Selain itu, keberadaan Waduk Darma yang besar volumenya, dan beberapa situ serta embung di wilayah ini bisa juga berpotensi menyebabkan banjir bandang jika tanggul waduk dan situ tersebut mengalami kerusakan dan jebol seperti kejadian Situ Gintung di Tanggerang. Sehingga pemantauan kualitas dan daya tahan bendungan atau tanggul waduk,situ dan embung tersebut harus secara intensif dilakukan.
4.Bencana Gempa Bumi
Gempa bumi ada yang disebut sebagai gempa bumi tektonik dan gempa bumi gunung berapi yaitu gempa yang diakibatkan oleh adanya pergerakan magma gunung berapi. Berikut uraian lebih rinci. Gempa bumi tektonik disebabkan oleh perlepasan tenaga yang terhasil daripada geseran batuan di keretakan memanjang sepanjang batuan sempadan plat tektonik.

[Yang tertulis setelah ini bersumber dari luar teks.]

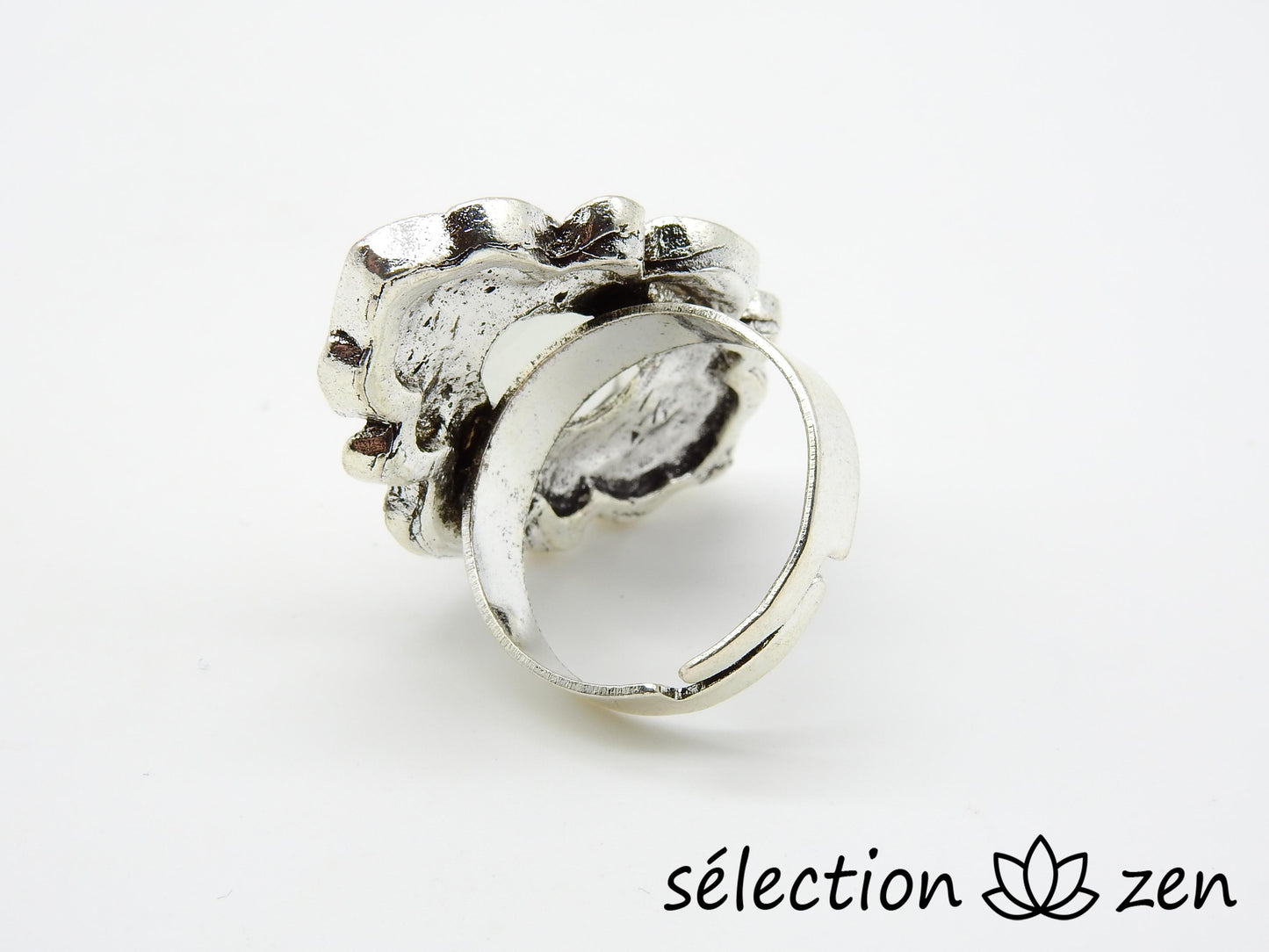 selection-zen bague agate blanche réglable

Energi getaran gempa dikirimkan melalui permukaan bumi dari kedalaman pusat gempa. Getaran menyebabkan kerusakan dan menghancurkan bangunan-bangunan, yang pada gilirannya bisa membunuh dan melukai orang-orang yang bertempat tinggal di situ. Getaran juga mengakibatkan tanah longsor, pencairan, runtuhnya bebatuan dan kegagalan-kegagalan daratan yang lain, yang merusak tempat- tempat hunian di dekatnya. Getaran juga memicu kebakaran berganda, kecelakaan industri atau transportasi dan bisa memicu banjir lewat jebolnya bendungan-bendungan dan tanggul-tanggul penahan banjir.

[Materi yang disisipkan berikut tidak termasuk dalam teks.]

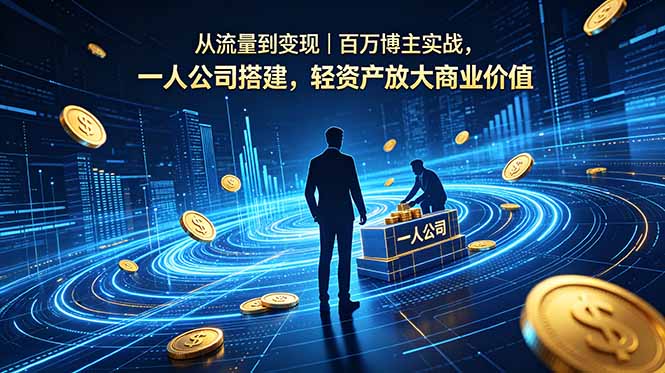 从流量到变现｜百万博主实战，一人公司搭建，轻资产放大商业价值-FANGXZHAN网创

Beberapa catatan sejarah kejadian akibat bencana gempa di Kabupaten Kuningan. Tahun 1875 tepatnya tanggal 25 Oktober 1875 kabarnya pernah ada kejadian gempa besar di Kuningan. Selain itu pada tahun 1947, 1955 dan 1973 terjadi gempa tektonik yang melanda daerah baratdaya G. Ciremai, yang diduga berkaitan dengan struktur sesar berarah tenggara - baratlaut. Kejadian gempa yang merusak sejumlah bangunan di daerah Maja dan Talaga sebelah barat G. Ciremai tahun 1990 dan tahun 2001, getarannya terasa hingga desa Cilimus di timur G. Ciremai. Terakhir, tanggal 2 september 2009. Pusat gempa berada pada koordinat 7,77 LS dan 107,32 BT, kedalaman 49 km dan berjarak sekitar 142 km dari Barat daya Tasikmalaya.
5.Bencana Kekeringan
Hampir seluruh wilayah kecamatan mengalami rawan kekeringan air baik yang dialami tiap tahun atau sepanjang tahun serta sumber daya manusia yang masih kurang/terbatas dalam pengelolaan air minum baik dari sisi teknis maupun manajemen.
6.Bencana Kebakaran Hutan
Wilayah Kabupaten Kuningan termasuk daerah yang mempunyai luasan hutan lebih dari 30%, tersebar di wilayah hutan Gunung Ciremai dan daerah perbukitan yang memanjang dari Selatan Gunung Ciremai bersambung ke Selatan Kuningan sampai wilayah Timur Kuningan. Keberadaan wilayah hutan yang luas tersebut disertai dengan musim kemarau panjang dan faktor ulah manusia karena terdapat wilayah hutan yang berdekatan dengan wilayah pedesaan, biasanya menjadi faktor utama penyebab terjadinya kebakaran hutan.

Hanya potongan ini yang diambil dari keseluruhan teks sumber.